El podio de los Juegos Olímpicos de Invierno Milán-Cortina 2026 fue escenario de un hecho histórico: el primer oro que conquista un atleta representando a un país sudamericano. Pero detrás de esta medalla hay una historia que va más allá del deporte, una de rebeldía contra un sistema rígido que le impedía ser quien realmente quería ser.
Lucas Pinheiro Braathen nació el 19 de abril de 2000 en Oslo, hijo de padre noruego y madre brasileña. Era la promesa del esquí alpino noruego. A los 20 años ya había ganado su primera carrera en la Copa del Mundo en Sölden, Austria, y en 2023 se coronó campeón mundial al conquistar el Globo de Cristal de eslalon. Para cualquier deportista, eso sería la cúspide del éxito. Para él, fue el punto de quiebre.
La Federación Noruega mantenía un control total sobre los derechos de imagen de sus atletas. Eso significaba que Pinheiro no podía negociar sus propios patrocinadores ni ser la cara que él deseaba ser. El conflicto estalló cuando fue multado por participar en una campaña de la marca sueca J.Lindeberg sin autorización, algo que chocaba directamente con el contrato oficial que la federación tenía con Helly Hansen. "Para seguir esquiando bajo este sistema, no solo tuve que dejar de lado mis sueños, sino mis ganas de vivir", declaró el atleta en ese momento.
No era el primero en sufrir esta situación. Años antes, el olímpico Henrik Kristoffersen había demandado a la Federación Noruega por no permitirle llevar el logo de su patrocinador personal en el casco. Pero Pinheiro decidió dar un paso más radical: abandonar todo.
En octubre de 2023, con 23 años en el pico de su carrera deportiva, se retiró de la competencia. "El vacío en mi corazón tras el título se sumó a la insatisfacción con la federación noruega de esquí. No me sentía libre y decidí dejar el deporte en octubre de 2023 para dedicarme a mis otras pasiones: la música, el arte y la moda", contó al medio brasileño UOL en 2024. El esquiador también era aprendiz de DJ y reconocido por su estilo excéntrico que trascendía lo deportivo.

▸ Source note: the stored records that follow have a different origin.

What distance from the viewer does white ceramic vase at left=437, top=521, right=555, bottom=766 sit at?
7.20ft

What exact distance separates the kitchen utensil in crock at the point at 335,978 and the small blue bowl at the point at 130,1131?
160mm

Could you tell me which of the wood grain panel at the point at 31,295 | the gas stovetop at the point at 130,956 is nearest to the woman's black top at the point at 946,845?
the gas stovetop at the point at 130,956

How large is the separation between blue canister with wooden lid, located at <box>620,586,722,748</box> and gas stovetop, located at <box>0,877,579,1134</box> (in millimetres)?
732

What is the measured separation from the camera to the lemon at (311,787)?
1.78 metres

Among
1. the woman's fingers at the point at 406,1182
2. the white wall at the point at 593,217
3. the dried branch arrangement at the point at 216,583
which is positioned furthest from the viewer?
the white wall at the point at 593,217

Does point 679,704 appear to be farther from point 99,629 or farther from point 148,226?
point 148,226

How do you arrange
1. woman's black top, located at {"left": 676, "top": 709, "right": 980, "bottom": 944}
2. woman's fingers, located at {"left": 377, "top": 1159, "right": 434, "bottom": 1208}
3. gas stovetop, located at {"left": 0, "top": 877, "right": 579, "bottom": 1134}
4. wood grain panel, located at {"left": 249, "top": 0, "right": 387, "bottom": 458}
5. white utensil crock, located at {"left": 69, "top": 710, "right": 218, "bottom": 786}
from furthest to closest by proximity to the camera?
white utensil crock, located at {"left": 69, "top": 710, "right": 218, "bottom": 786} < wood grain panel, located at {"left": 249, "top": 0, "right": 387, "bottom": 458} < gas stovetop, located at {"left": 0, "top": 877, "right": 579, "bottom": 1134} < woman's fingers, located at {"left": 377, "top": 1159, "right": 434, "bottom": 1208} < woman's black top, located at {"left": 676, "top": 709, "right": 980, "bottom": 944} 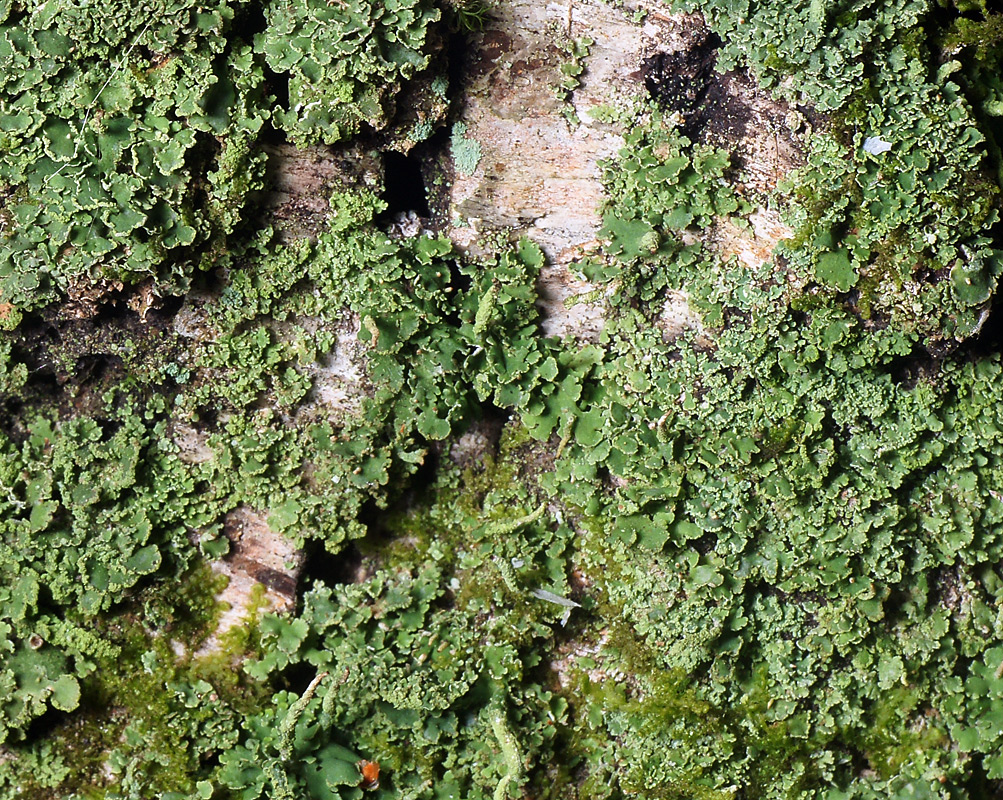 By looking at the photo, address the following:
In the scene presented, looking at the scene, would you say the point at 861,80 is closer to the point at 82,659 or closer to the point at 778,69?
the point at 778,69

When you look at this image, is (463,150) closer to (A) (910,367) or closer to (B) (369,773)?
(A) (910,367)

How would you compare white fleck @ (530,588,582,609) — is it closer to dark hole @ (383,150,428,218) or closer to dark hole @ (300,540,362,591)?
dark hole @ (300,540,362,591)

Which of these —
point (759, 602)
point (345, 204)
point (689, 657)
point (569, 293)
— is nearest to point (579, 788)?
point (689, 657)

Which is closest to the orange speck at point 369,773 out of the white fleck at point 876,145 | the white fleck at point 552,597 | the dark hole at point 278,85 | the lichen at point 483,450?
the lichen at point 483,450

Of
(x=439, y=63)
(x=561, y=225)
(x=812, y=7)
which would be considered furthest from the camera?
(x=561, y=225)

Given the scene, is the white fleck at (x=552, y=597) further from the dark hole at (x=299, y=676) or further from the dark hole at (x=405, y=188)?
the dark hole at (x=405, y=188)

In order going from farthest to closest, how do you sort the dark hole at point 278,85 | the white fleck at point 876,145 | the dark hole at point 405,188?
the dark hole at point 405,188, the dark hole at point 278,85, the white fleck at point 876,145

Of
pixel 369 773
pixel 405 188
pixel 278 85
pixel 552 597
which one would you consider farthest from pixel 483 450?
pixel 278 85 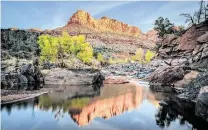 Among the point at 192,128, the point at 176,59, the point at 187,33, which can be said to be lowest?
the point at 192,128

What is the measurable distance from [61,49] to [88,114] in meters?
48.8

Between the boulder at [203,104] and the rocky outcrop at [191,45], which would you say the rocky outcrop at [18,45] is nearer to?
the rocky outcrop at [191,45]

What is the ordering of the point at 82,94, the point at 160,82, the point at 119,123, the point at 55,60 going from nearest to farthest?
the point at 119,123 → the point at 82,94 → the point at 160,82 → the point at 55,60

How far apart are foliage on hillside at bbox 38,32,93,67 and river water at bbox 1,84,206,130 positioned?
35.0m

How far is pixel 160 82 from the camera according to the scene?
5616 cm

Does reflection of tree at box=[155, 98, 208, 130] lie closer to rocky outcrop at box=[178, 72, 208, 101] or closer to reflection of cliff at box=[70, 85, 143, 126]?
rocky outcrop at box=[178, 72, 208, 101]

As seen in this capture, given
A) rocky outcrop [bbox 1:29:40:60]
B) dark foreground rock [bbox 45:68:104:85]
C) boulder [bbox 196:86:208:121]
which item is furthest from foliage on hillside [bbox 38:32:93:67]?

Pero el deporte no lo solto. En marzo de 2024 volvió a los esquís, pero esta vez bajo un nuevo proyecto. Se cambió a la bandera de Brasil, el país de su madre, y esta vez las cosas fueron diferentes. Sin las cadenas del sistema noruego, pudo armar su propio equipo y buscar sus propios patrocinadores. La libertad que le había sido negada ahora era su realidad.
Y la historia tiene un final de película: meses después de su regreso, Pinheiro Braathen ganó el primer oro olímpico de invierno para cualquier atleta de América del Sur en Milán-Cortina 2026. No solo demostró que podía ser campeón, sino que lo hizo en sus propios términos, con su propia voz, representando a Brasil. Fue la reivindicación que el deporte necesitaba ver.